As noted at the start this is my first foray into telecommunications law (and I thank my correspondents for opening a new area for me) so my conclusion has to be read with more caution than normal. A particular problem is that I don’t know or understand the technical details of what the service is providing, how the pager system works and how the message is being obtained by the enhanced service provider.
With those limitations however, it is clear that indeed there could be many issues. The critical issue is that by getting the data from the pager/call out feed the third party provider is getting access to private information without the consent of the person who gave the information and either without the consent of the CFA/SES or without contractual guarantees to ensure that the service provider is committed to protecting the data as if they were the CFA/SES. To return to the SES memo it says:
VICSES has had discussions with EMV who have undertaken to conduct some further research, including what other interstate jurisdictions are doing about BART and similar applications, seeking advice from ACMA as to what options are available to address legal issues such as accessing the data, and addressing information privacy requirements.

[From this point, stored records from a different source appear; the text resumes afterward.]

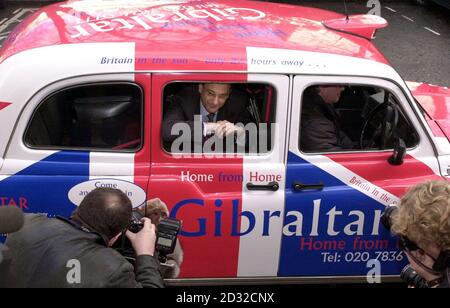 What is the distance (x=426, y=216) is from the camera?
7.12 ft

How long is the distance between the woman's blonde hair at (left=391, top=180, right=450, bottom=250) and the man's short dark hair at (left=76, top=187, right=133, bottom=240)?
1088 millimetres

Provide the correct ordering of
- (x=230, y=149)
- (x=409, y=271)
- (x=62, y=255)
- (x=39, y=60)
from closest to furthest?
(x=62, y=255), (x=409, y=271), (x=39, y=60), (x=230, y=149)

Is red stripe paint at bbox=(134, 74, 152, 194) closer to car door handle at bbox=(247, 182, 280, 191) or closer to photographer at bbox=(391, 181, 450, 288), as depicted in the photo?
car door handle at bbox=(247, 182, 280, 191)

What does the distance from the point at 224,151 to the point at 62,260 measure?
4.49 ft

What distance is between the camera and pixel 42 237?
2.22 meters

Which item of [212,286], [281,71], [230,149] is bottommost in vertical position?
[212,286]

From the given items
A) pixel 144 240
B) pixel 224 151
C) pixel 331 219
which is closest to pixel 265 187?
pixel 224 151

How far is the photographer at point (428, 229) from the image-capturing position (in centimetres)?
214

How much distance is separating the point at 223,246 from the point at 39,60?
1.44 m

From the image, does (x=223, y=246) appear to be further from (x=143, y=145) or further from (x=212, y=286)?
(x=143, y=145)

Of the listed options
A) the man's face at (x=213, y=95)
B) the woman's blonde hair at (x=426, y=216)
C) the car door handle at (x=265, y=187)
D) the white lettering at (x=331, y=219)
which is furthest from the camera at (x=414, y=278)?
the man's face at (x=213, y=95)

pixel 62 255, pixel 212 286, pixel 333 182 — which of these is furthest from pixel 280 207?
pixel 62 255

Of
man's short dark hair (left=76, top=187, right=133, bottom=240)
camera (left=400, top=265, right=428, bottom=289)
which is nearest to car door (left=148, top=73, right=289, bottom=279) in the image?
man's short dark hair (left=76, top=187, right=133, bottom=240)

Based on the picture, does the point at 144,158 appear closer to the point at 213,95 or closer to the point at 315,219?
the point at 213,95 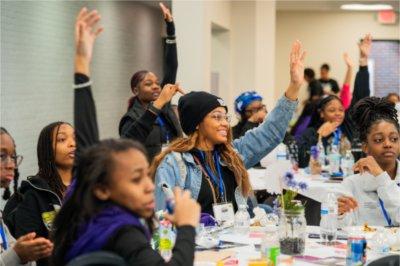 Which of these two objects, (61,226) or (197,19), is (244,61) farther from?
(61,226)

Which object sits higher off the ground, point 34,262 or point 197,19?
point 197,19

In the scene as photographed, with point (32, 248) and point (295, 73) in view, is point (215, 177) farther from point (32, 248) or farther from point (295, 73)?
point (32, 248)

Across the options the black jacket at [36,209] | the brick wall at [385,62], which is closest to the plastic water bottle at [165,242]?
the black jacket at [36,209]

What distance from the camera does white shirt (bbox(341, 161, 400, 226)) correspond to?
4020mm

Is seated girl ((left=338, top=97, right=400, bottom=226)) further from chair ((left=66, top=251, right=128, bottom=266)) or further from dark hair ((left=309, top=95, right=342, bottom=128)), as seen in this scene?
dark hair ((left=309, top=95, right=342, bottom=128))

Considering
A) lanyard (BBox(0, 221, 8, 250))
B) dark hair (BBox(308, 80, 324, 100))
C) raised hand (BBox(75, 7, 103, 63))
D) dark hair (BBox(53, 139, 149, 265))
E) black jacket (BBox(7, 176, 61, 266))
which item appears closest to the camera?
dark hair (BBox(53, 139, 149, 265))

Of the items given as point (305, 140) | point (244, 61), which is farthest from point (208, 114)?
point (244, 61)

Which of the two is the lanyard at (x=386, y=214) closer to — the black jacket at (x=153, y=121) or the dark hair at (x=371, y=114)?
the dark hair at (x=371, y=114)

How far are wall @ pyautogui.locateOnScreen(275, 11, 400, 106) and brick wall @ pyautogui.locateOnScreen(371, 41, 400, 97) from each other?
285 millimetres

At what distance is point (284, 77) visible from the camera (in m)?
15.6

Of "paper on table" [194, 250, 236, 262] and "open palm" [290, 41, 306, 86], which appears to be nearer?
"paper on table" [194, 250, 236, 262]

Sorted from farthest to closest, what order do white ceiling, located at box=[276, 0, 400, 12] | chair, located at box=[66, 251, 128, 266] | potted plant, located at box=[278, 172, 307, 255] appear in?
1. white ceiling, located at box=[276, 0, 400, 12]
2. potted plant, located at box=[278, 172, 307, 255]
3. chair, located at box=[66, 251, 128, 266]

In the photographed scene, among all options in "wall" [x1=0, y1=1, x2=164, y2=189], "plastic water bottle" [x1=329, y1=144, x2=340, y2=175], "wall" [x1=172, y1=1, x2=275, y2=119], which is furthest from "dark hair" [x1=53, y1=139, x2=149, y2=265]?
"wall" [x1=172, y1=1, x2=275, y2=119]

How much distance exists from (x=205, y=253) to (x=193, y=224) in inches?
35.4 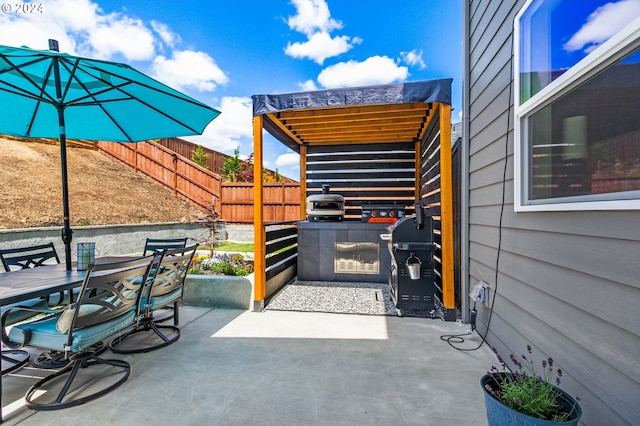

That seems eminently sensible. If ‘Units have gained some advantages through enhanced capability to manage member availability and in some cases supplement the primary alerting system’ then the commitment from VICSES to look at options will, hopefully and in due course, find a way to secure those advantages. In the meantime the direction that ‘Units are not to seek extensions, renewals or variations to such contracts or to enter into any new contracts following this advice’ also seems entirely sensible.